The following uses for titanium are gathered from a number of sources as well as from anecdotal comments. I'd be delighted to receive corrections as well as additional referenced uses (please use the feedback mechanism to add uses).
Titanium metal is used for alloys with with aluminium, molybdenum, manganese, iron, and other metals. These alloys of titanium are used principally in the aerospace industry, for both airframes and engines, where lightweight strength and ability to withstand extremes of temperature are important. Titanium is as strong as steel, but much lighter. It is twice as strong as aluminium. It is nearly as resistant to corrosion as platinum.
Titanium is a component of joint replacement parts, including hip ball and sockets. These may last for 20 years or so. Titanium is used in dental implants because it is able to "osseointegrate" (an unusual ability by which titanium fuses with bone tissue, perhaps through the titanium oxide layer on tianium metal). This results in implants that, while not cheap, can last 30 years.

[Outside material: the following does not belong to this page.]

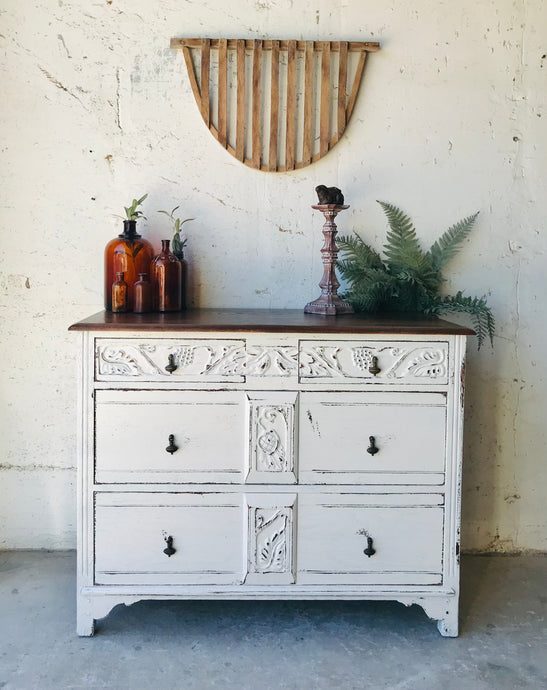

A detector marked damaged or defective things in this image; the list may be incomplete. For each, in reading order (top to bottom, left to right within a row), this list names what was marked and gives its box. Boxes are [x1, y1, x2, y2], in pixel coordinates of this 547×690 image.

peeling plaster wall [0, 0, 544, 548]
chipped white paint [0, 0, 544, 552]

It has excellent resistance to sea water and is used for propeller shafts, rigging, and other parts of ships exposed to salt water. A titanium anode coated with platinum provides cathodic protection from corrosion by salt water. Titanium paint is an excellent reflector of infrared radiation, and is extensively used in solar observatories where heat causes poor viewing conditions.
Pure titanium dioxide is relatively clear and has an extremely high index of refraction with an optical dispersion higher than diamond. It is produced artificially for use as a gemstone, but it is relatively soft. Star sapphires and rubies exhibit their asterism as a result of the presence of TiO2. The dioxide is used extensively for paint as it is permanent and has good covering power. Titanium oxide pigment accounts for the largest use of the element.
Titanium is extremely elastic (springy), lightweight, corrosion resistant and non-magnetic and this results in new uses such as for money clips used to hold bank notes and even credit cards (as titanium is non-magnetic it has no effect upon the card's magnetic strip).
Titanium is normally coated by a very very thin oxide layer. This layer can be thickened through an anodization process to give a product whose perceived colour colour may be tuned by controlling the thickness of the oxide. Titanium is also used for jewellery (titanium rings and earrings), despite difficulties working it, because it is regarded as hypoallergenic and does not discolour skin.